Introduzione

Introduzione

Dott.ssa Chiara Dissegna – chiara.dissegna@libero.it


Nella sua concezione originaria, la vaccinazione si propone di imitare lo sviluppo dell’immunità naturalmente, acquisita mediante l’inoculazione di componenti non patogene, ma ancora immunogeniche, di un determinato microrganismo.

Il termine “vaccino” è stato coniato da Edward Jenner per descrivere la sua scoperta. Medico condotto delle campagne inglesi, inoculò per la prima volta nella storia della medicina il virus del vaiolo bovino nel braccio di un bambino rendendolo così immune dal virus del vaiolo umano.

E’ indubbia l’importanza del ruolo svocanelto dalle vaccinazioni nel corso degli anni, sia in campo umano che in campo veterinario. Numerosi cani e gatti hanno tratto benefici dagli ultimi 50 anni di vaccinazioni. Tuttavia il vaccino è diventata oggi una routine: si è completamente perso di vista l’importanza di questo atto. Si vaccina perchè ormai è un’abitudine e perché per molti veterinari la vaccinazione rappresenta spesso una delle entrare economiche principali. Pensare che tutti i cani e gatti che entrano in un ambulatorio debbano essere vaccinati ogni anno con tutti i  vaccini in commercio è un grave errore.

Bisogna ricordare che la vaccinazione è un atto medico ed è un dovere del clinico, quando prende questo tipo di decisione, valutare lo stato di salute del paziente, ma soprattutto capire il rischio di esposizione e di infezione che effettivamente corre l’animale.

La crescente attenzione sulle reazioni avverse date dai vaccini, quali sviluppo di fribrosarcomi soprattutto nel gatto e di malattie immunomediate nel cane (es. anemia emolitca, trombocitopenia e poliartrite) ha indotto i veterinari e i proprietari di animali a ripensare al rapporto rischi/benefici associato alla vaccinazione annuale di cani e gatti adulti.

L’American Association of Feline Pratictioner pubblicò un rapporto di una commissione di esperti riguardanti i vaccini per gatti, nel quale si raccomandava che i gatti venissero vaccinati contro un solo antigene (nello specifico il parvovirus, agente della panleucopenia) ogni tre anni invece che ogni anno. Ovviamente il rapporto non passò inosservato: molti veterinari si opposero violentemente, ritenendo che ogni pratica diversa dalla vaccinazione annuale dei gatti adulti sarebbe stata tecnicamente scorretta, irrazionale e forse anche pericolosa per la salute dei pazienti. Oggi, quella raccomandazione di vaccinare ogni 3 anni è ancora valida e anzi estesa ad altri antigeni, quali l’herpesvirus felino tipo 1 e il calicivirus.

Non solo, esiste la raccomandazione di interrompere la somministrazione abituale delle vaccinazioni annuali di richiamo per i cani adulti (virus del cimurro e parvovirus) e i gatti adulti (parvovirus, herpesvirus, calicivirus). L’incidenza del cimurro e della parvovirosi canina e felina è virtualmente nulla negli animali vaccinati (superiori ad un anno di età). Inoltre, la protezione indotta dalla vaccinazione contro questi virus sembra essere efficace per un periodo di tempo anche di 5 o 6 anni. I piani vaccinali dei cani e gatti adulti del prossimo futuro sembrano essere piuttosto incentrati su intervalli di richiamo che, almeno per certi vaccini, possono raggiungere anche i 3 anni.
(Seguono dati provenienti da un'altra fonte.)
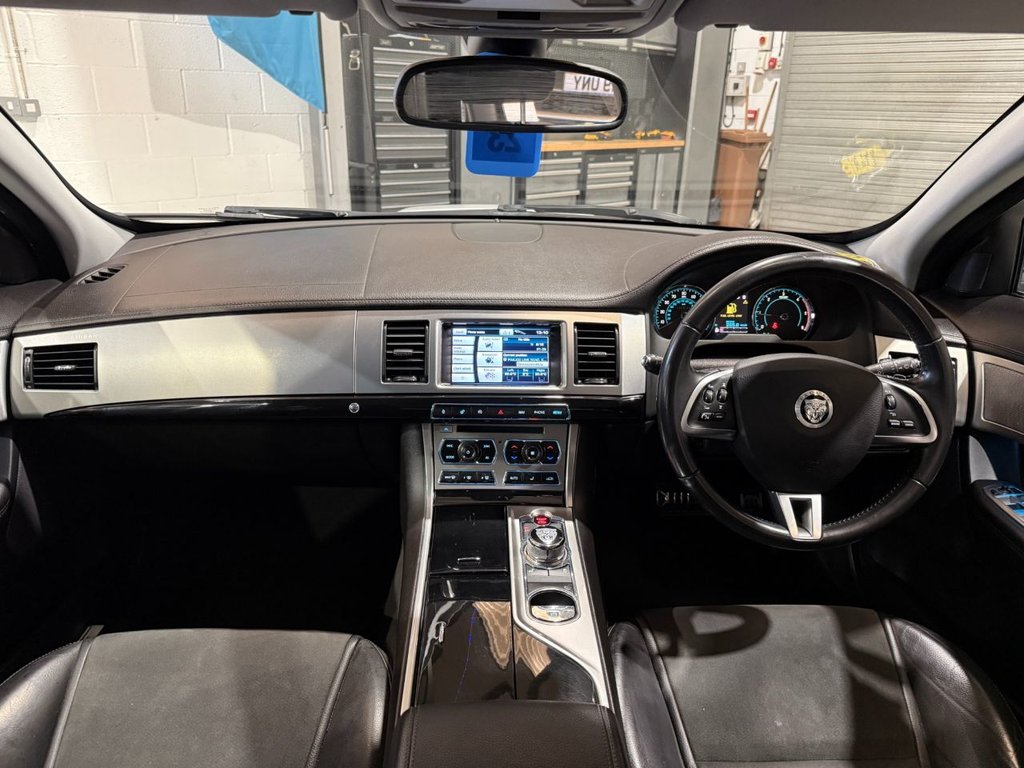 Used Jaguar XF 2013 for sale - 77835190: Photo 11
E’ noto che i vaccini contro agenti patogeni come parainfluenza canina, Bordetella Bronchiseptica e virus della leucemia felina (FeLV) non proteggono contro queste malattie per più di un anno. E’ probabile che le vaccinazioni annuali di richiamo continueranno ad essere consigliate per i soggetti considerati a rischio di contrarre le malattie causate da questi microrganismi. Sebbene le vaccinazioni di richiamo annuali siano ancora consigliate, il reale rapporto rischi/benefici della vaccinazione contro FeLV e FIP non pare rendere ragione del gran numero di gatti rivaccinati annualmente.